A resident in Manjib, a city held by ISIS for more than two years, details the group's brutality in their bid to control the people of Syria. Speaking to BBC News, the shopkeeper said the jihadis subjected those who defied their twisted form of Islam to cruel and inhumane punishments.
"After they beheaded someone, they would crucify his body. They would leave it to rot for two days," said the man. "If they caught you smoking, they would probably cut some fingers off. If they caught you stealing and there were two witnesses, then that was it," he added.
BBC also showed footage of the ISIS dungeon where it kept prisoners. What struck the reporter were the cages, which were barely big enough to contain a man. To assure maximum discomfort, captives had to curl up to fit the boxes with tiny air holes that kept them alive. Those who survived had to lose one leg just to be extracted from the cage.
ISIS' brutal methods of punishment that are displayed to the public are a means to keep the populace in line. These include amputating the hands as punishment for stealing, as well as caning and rape.

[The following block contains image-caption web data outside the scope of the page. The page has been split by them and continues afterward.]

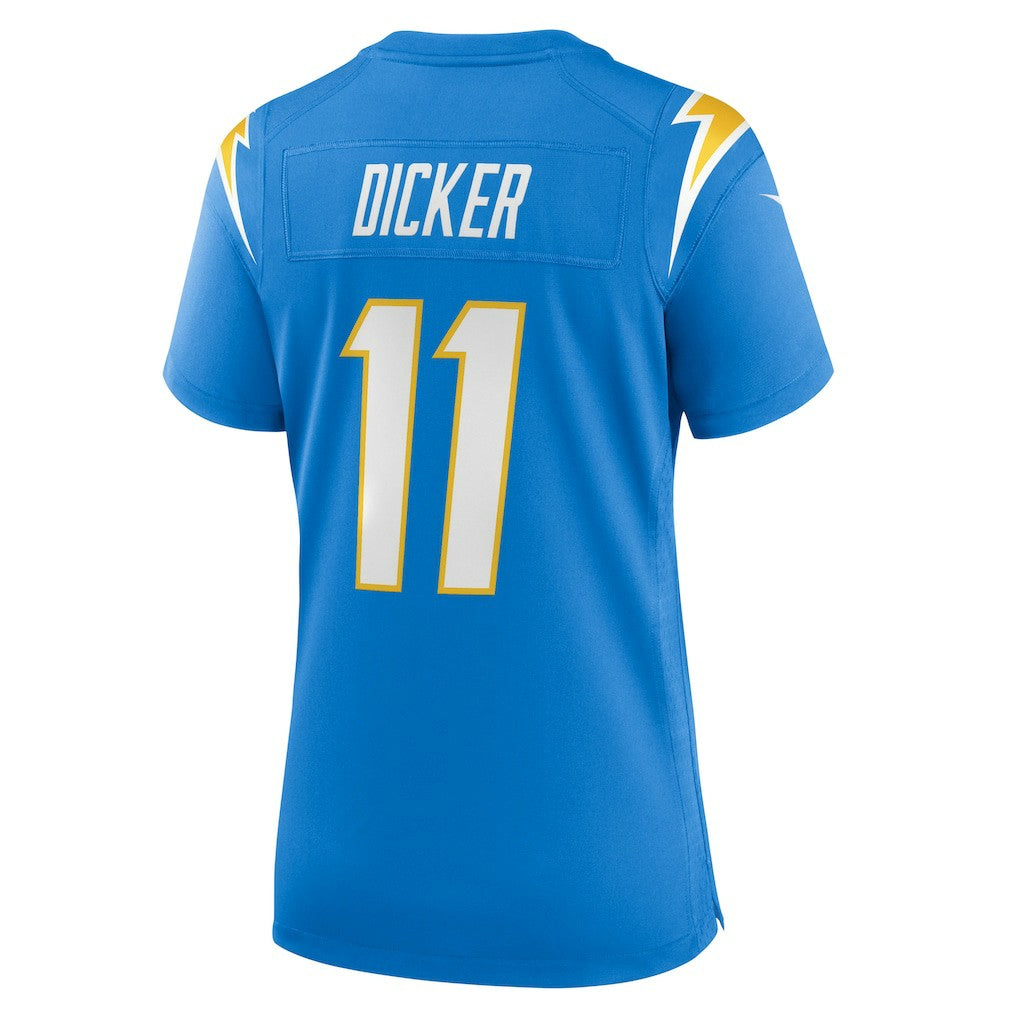 Cameron Dicker Los Angeles Chargers Women's Game Jersey - Powder Blue | Nike on sale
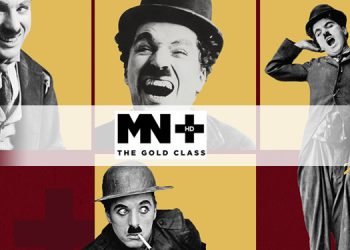 MN+ pays tribute to Charlie Chaplin with ‘Chaplin Chapters’ on 16th April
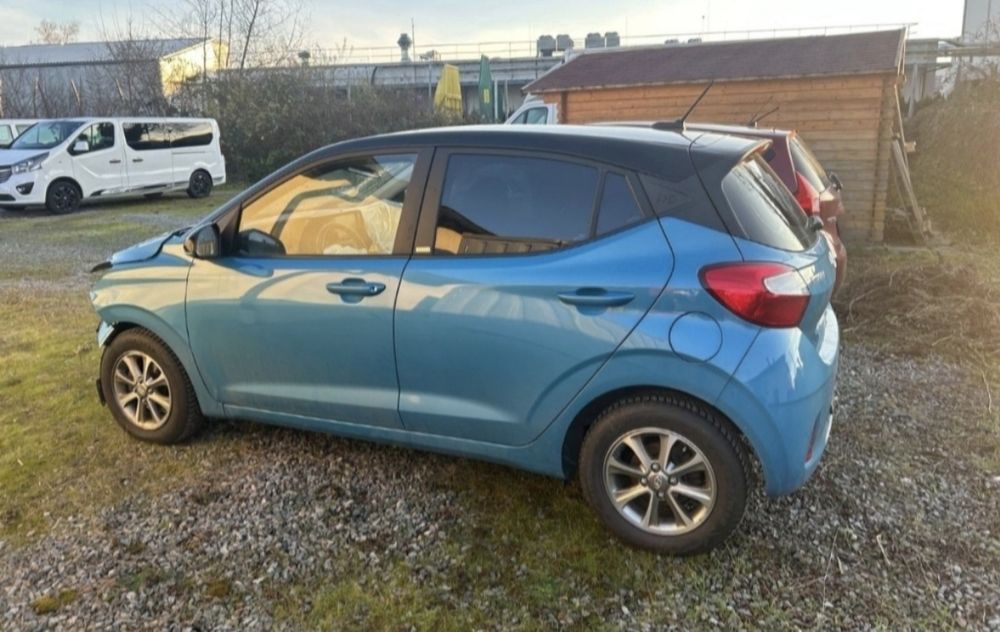 Hyundai i10 Хюндай и10 2021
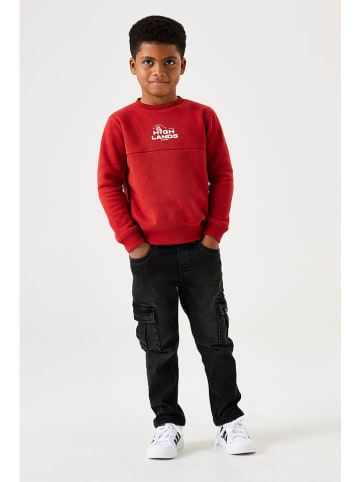 Garcia Cargojeans in Schwarz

Forms of execution, on the other hand, included stoning, burning alive and beheading.
The source also mentioned about people being pushed off on top of buildings. Last year, a man was thrown off a building for allegedly being gay. The victim was blindfolded and his hands tied behind him when he dropped 100 feet to the ground in front of hundreds of people.
Despite the atrocities, ISIS managed to gain some adherents. A local woman told the news crew about the "good" things the militants brought to their place. "Children were in the mosques. Young men didn't pester the girls," she said. "The men behaved themselves and the women dressed properly," the woman added.